The many British press splurges re TLOs seem blissfully ignorant of this fact, reporting the band as having sprung fully formed from out of a clear blue west coast sky. Not that Sunday's Best had that much to offer but if TLOs had lobbed songs like Salt mines of Santa Monica or The Californian into their very well-received set opening for The Boy Least Likely To at the Scala recently few would've complained...
A bit of snap, kick, that's what The Little Ones have that SSLYBY don't quite, nor My Sad Captains for that matter. It wouldn't do them any harm down there in slack city and its a quality definitely available in 14 pretty fab bite-size chunks on My Teenage Stride's Ears like golden bats. An excellent example of the well-aimed freebie courtesy of Jorge at Becalmed Records, ELGB offers up oodles of clipped '80s indie jangle strongly reminiscent of.. oh, you know, everyone you ever liked from back then..Postcard label, bit of Jam, Skids, Smiths and occasionally way beyond. There's top tunes galore, each with a comfortable instant familiarity for sure but filtered through a light post-Strokes NY sensibility.

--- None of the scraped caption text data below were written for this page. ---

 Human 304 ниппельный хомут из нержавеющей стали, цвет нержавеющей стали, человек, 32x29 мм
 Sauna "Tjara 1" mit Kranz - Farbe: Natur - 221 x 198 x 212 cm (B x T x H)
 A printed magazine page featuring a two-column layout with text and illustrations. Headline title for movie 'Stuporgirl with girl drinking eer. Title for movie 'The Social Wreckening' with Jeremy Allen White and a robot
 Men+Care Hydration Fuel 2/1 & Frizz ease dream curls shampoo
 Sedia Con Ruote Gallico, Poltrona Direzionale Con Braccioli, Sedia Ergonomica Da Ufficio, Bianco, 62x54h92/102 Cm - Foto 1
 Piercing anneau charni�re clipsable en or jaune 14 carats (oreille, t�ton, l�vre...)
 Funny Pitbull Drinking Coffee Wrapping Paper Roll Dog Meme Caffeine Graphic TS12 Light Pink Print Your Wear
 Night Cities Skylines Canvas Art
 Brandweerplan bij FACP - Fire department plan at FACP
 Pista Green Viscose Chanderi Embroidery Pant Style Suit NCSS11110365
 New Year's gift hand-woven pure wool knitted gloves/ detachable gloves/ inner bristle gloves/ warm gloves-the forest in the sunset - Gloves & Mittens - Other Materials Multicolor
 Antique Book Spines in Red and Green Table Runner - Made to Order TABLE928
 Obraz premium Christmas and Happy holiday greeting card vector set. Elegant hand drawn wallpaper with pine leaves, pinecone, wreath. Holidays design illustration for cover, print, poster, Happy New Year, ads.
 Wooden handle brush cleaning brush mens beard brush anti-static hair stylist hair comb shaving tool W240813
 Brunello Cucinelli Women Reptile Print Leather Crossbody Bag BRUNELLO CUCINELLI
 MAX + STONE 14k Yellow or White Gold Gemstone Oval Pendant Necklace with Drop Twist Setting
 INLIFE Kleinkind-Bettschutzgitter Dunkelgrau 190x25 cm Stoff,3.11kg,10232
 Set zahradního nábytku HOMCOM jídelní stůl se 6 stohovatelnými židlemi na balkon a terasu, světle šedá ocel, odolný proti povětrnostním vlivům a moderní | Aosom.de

The set opens with a killer 1-2-3, Reception, That should stand for something and To live and die in the airport lounge being a faultless salvo of skittering, ringing guitars, tambos, and neat on-the-money drumming. Terror bends gleeful guitar riff tightens up the kind of treats the lovely Language of Flowers (still?) like to dish up; Chock's rally is a sharp, pushy little pleaser while Ruin is a rare drop down the gears. Band leader Jedediah Smith's voice is easily up to the slightly baroque emoting here and the set glides out on the dubby lightness of Boys will tell. Yes, all very familiar shapes but the pleasure here is a bit like zipping round town on a shiny new Vespa - those classic lines but powered by contemporary tuning. Va-va-voom...
[my teenage stride][on myspace][becalmed]
And Ears.. is just the sort of sound you can expect to hear between the live sets at the Fortuna Pop! session at Notting Hill Arts Club this coming Saturday. Not entirely sure that this label is My Sad Captains' natural home but, hey, they'll be there and it's free. Vintage Gola sports bags ahoy!